In 1998 heeft de Vlaams-Blokfractie van het Brussels Hoofdstedelijk Gewest een uitgebreid onderzoek gedaan naar de situatie in de rusthuizen en de naleving van de taalwetgeving. Daaruit bleek dat het bijzonder droevig is gesteld met deze sector. Heel wat rusthuizen hebben geen statuten in het Nederlands, worden in de telefoongids uitsluitend in het Frans vermeld, en antwoorden in het Frans op Nederlandstalige aanvragen.
Nochtans is de taalwetgeving een wetgeving van openbare orde. Het probleem is dus ernstig. Daarbij moet nog in aanmerking worden genomen dat dit onderzoek zich beperkte tot administratieve aspecten.
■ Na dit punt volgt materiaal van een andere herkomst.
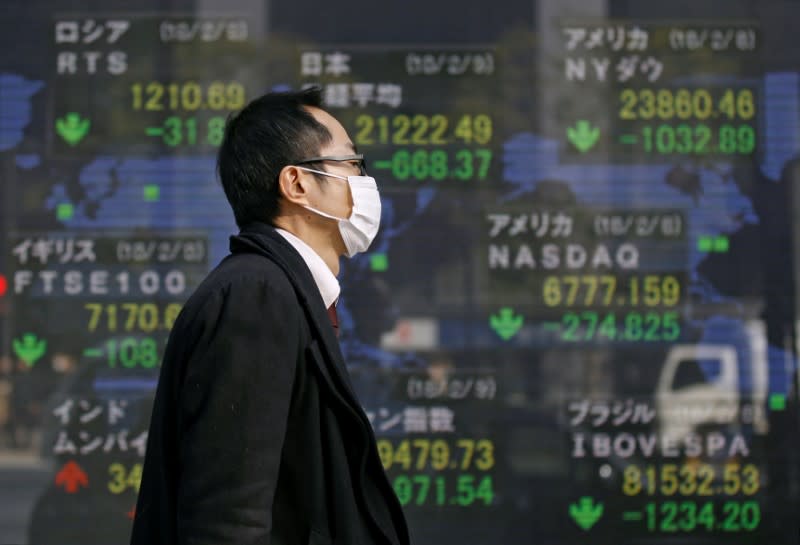 FILE PHOTO: A man walks past an electronic board showing the stock market indices of various countries outside a brokerage in Tokyo, Japan February 9, 2018. REUTERS/Toru Hanai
We kunnen ons moeilijk zelf in een rusthuis laten opnemen om aan den lijve te ondervinden hoe pijnlijk de situatie is en in welke lastige omstandigheden Nederlandstalige bejaarden in bicommunautaire rusthuizen moeten leven.
De VZW Home Info, die volledig onafhankelijk is, brengt enkele jaren na onze studie dit probleem opnieuw onder de aandacht. Zowel in het Vlaams Parlement als in de Vlaamse Gemeenschapscommissie hebben we al meermaals op deze kwestie gewezen, maar jammer genoeg komt er geen schot in de zaak. Er wordt geen degelijk plan ontworpen om dit steeds groter wordende probleem te verhelpen.
Mevrouw de minister, welke initiatieven zult u op korte termijn nemen om een oplossing te vinden? Ik neem aan dat u de kritiek van de VZW Home Info aanvaardt. Volgens ons ligt de enige echte oplossing in de uitbouw van een netwerk van Nederlandstalige rusthuizen. We geloven niet meer in de bicommunautaire sector. Dezelfde problemen doen zich immers voor in andere delen van deze sector, zoals de ziekenhuizen en de OCMW's. Ik geloof niet dat men in de bicommunautaire sector ooit de taalwetgeving zal naleven. Vlaanderen moet zelf initiatieven nemen en heeft ook het geld om te zorgen voor een fatsoenlijk zorgaanbod voor de Brusselse Nederlandstaligen.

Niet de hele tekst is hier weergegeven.